As shown in Table 1, in Example 6 and Example 7, the power quantity was less than 81 Ws in all cases, regardless of the number of contact points and whether the state was before or after heating. Meanwhile, in Comparative example 6, when the number of contact points was four, the power quantity after heating was 100 Ws or more. Therefore, when the carbon composite silver plating or hard carbon composite silver plating was used for the plating layer of the male terminal, even if the number of contact points was reduced from ten to four or even after heating, it was possible to suppress the increase in the power quantity and it was possible to prevent the terminal from being welded. That is, by reducing the number of contact points, the energizing current per contact point increases, but since the increase in the contact resistance value after heating is suppressed in the terminal plating material of the present embodiment, it is possible to suppress the increase in the power quantity, welding of the terminals is less likely to occur, and this indicates that the contact reliability is enhanced.

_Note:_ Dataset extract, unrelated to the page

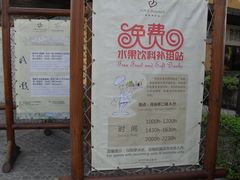 -厦门日月谷温泉渡假村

While certain embodiments have been described, these embodiments have been presented by way of example only, and are not intended to limit the scope of the inventions. Indeed, the novel embodiments described herein may be embodied in a variety of other forms; furthermore, various omissions, substitutions and changes in the form of the embodiments described herein may be made without departing from the spirit of the inventions. The accompanying claims and their equivalents are intended to cover such forms or modifications as would fall within the scope and spirit of the inventions.

Claims

1. A terminal plating material comprising:

a metallic base that contains copper or a copper alloy; and

a carbon composite silver plating layer that is disposed on the metallic base and contains either silver or a silver alloy and carbon.

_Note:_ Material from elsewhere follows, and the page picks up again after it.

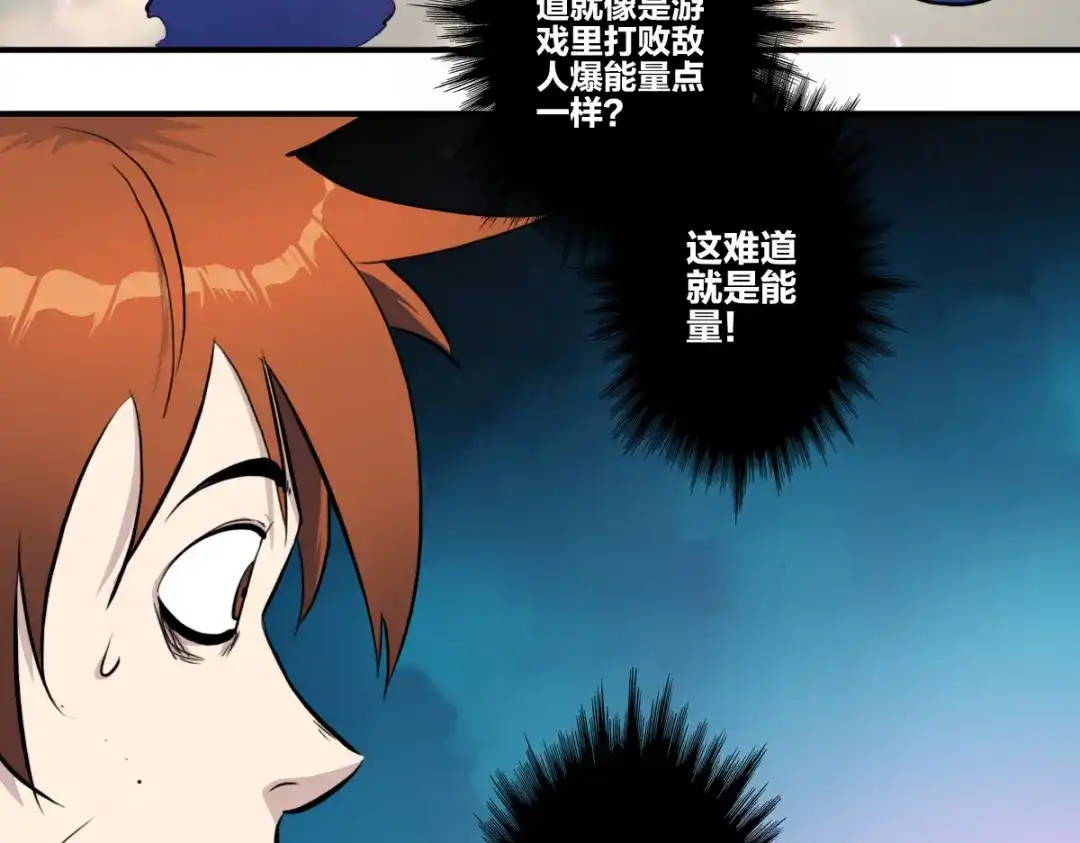 《逆破星辰》第5话 我的异能是张嘴！ 第23页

2. The terminal plating material according to claim 1, wherein

after heating at 190° C. for 500 hours, when a contact load of 10 N is applied using a contact having a hemispherical protrusion part with a radius of 1 mm as a contact part, a contact resistance value is 1.0 mΩ or less.

3. The terminal plating material according to claim 1, further comprising:

an underlayer that is interposed between the metallic base and the carbon composite silver plating layer and contains metal of at least one or more selected from the group consisting of nickel, copper, and silver.

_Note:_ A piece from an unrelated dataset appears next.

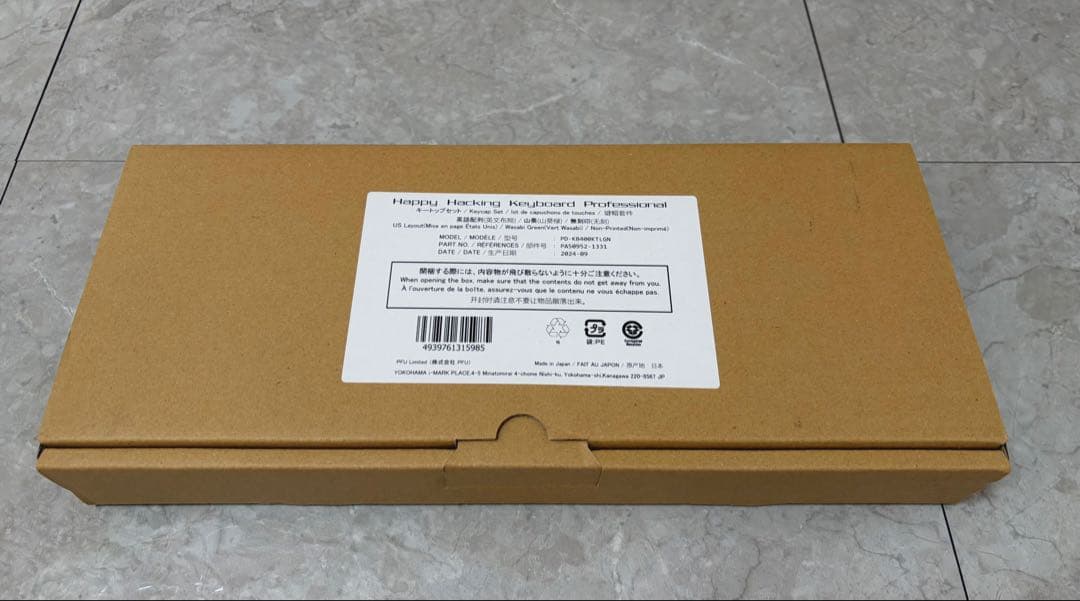 H*a様 HHKB キートップ 山葵 (英字配列・無刻印)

4. The terminal plating material according to claim 1, wherein

the carbon composite silver plating layer is pure silver plating that contains the carbon.

5. A terminal connection structure comprising:

a female terminal; and

a male terminal to be fitted to the female terminal, wherein

at least one of the female terminal or the male terminal includes the terminal plating material according to claim 1.

6. The terminal connection structure according to claim 5, wherein

the male terminal includes the terminal plating material, and the female terminal includes a metallic base that contains copper or a copper alloy, and a silver-antimony plating layer that is disposed on the metallic base and contains either silver or a silver alloy and antimony.

7. The terminal connection structure according to claim 5, wherein

the female terminal is a clip terminal and the male terminal is a plate-like terminal to be fitted to the clip terminal.

8. A service plug that includes the terminal connection structure according to claim 5.